## DIRECTIONS
Type the listing below out again exactly. No images.

## DATA SHOWN

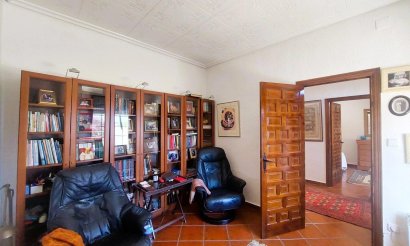 Resale - Villa - La Marina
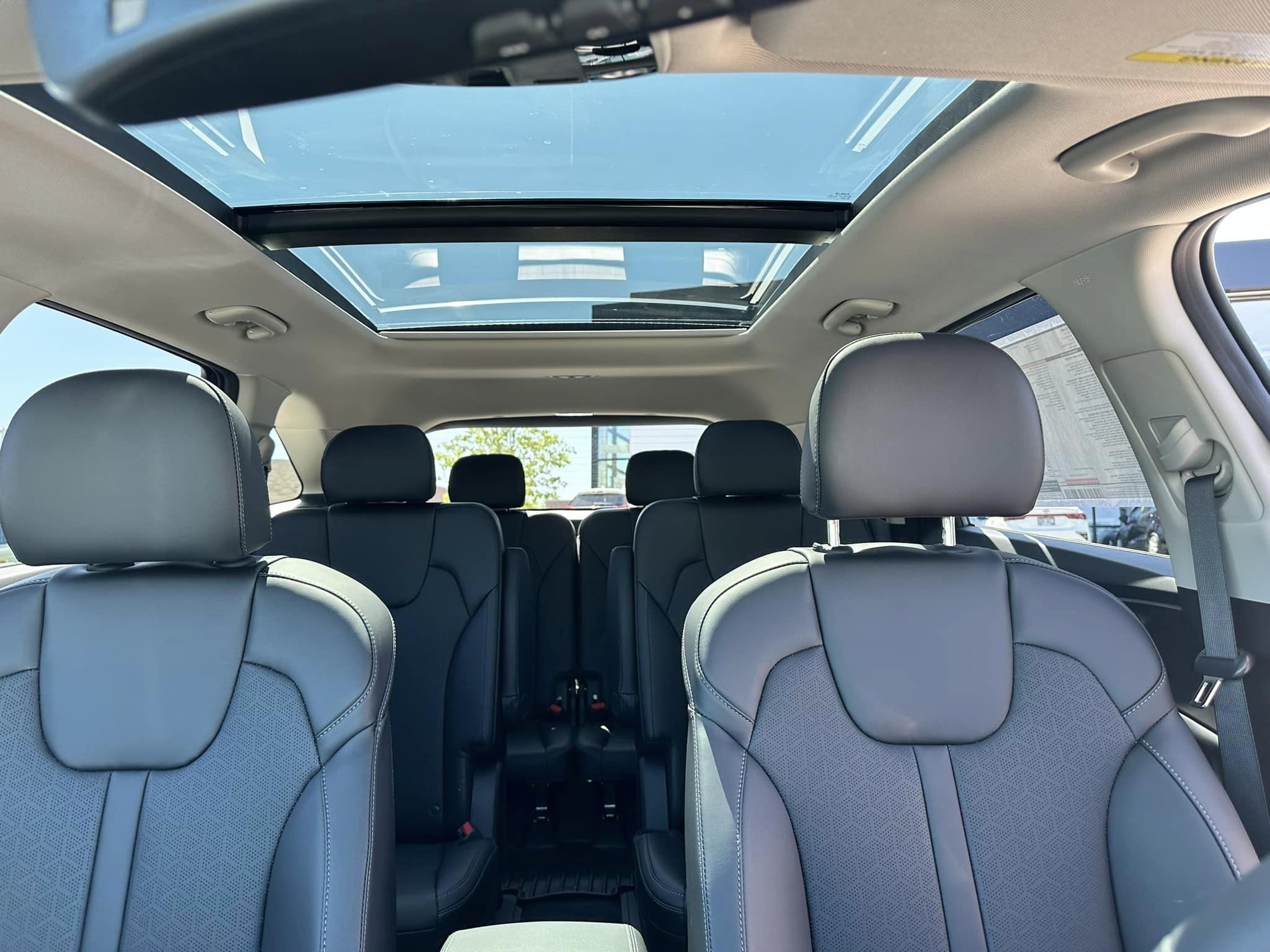 2023 Kia Sportage - Sapphire Blue - SX AWD Trim - Inside View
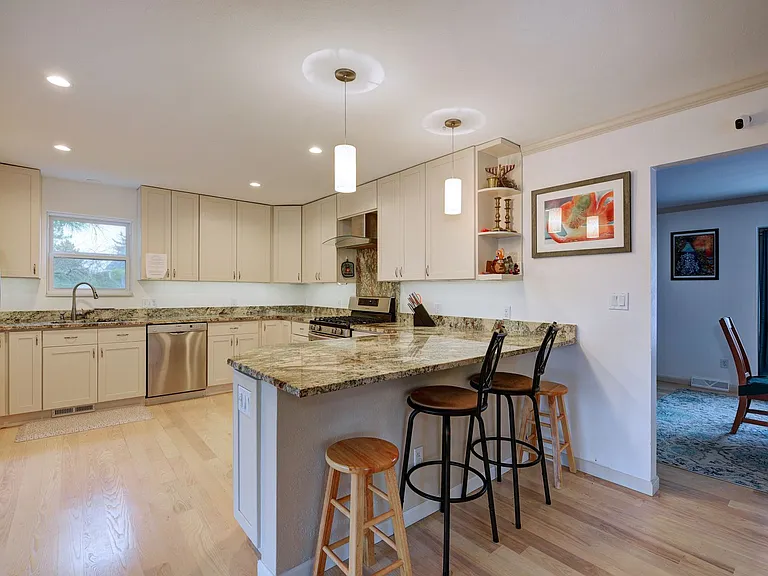 1115 Hancock Dr — Photo 3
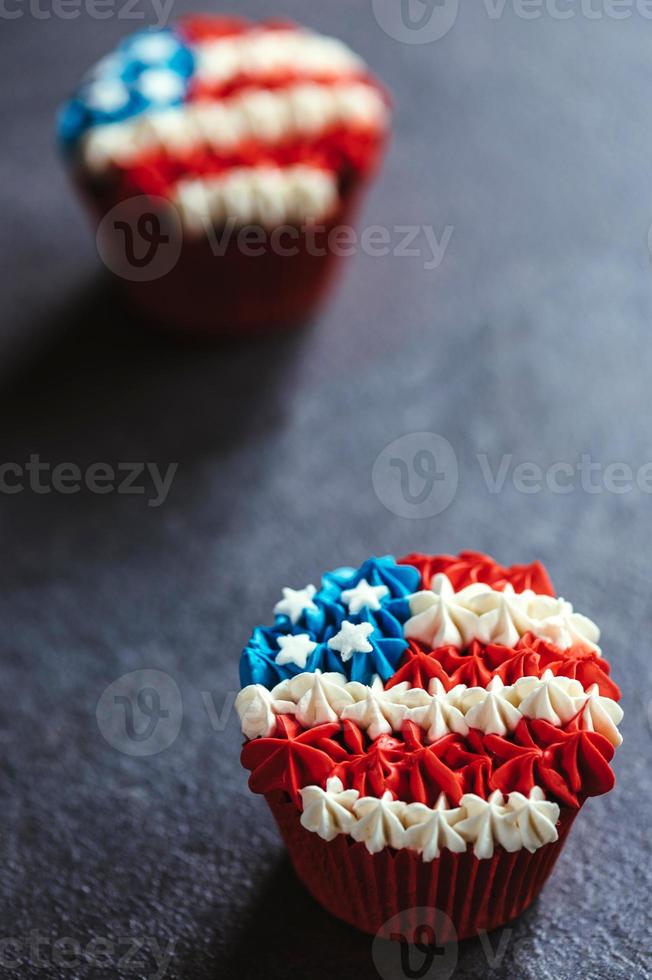 American flag cup cake photo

## EXERCISE RESPONSE
 Resale - Villa - La Marina
 2023 Kia Sportage - Sapphire Blue - SX AWD Trim - Inside View
 1115 Hancock Dr — Photo 3
 American flag cup cake photo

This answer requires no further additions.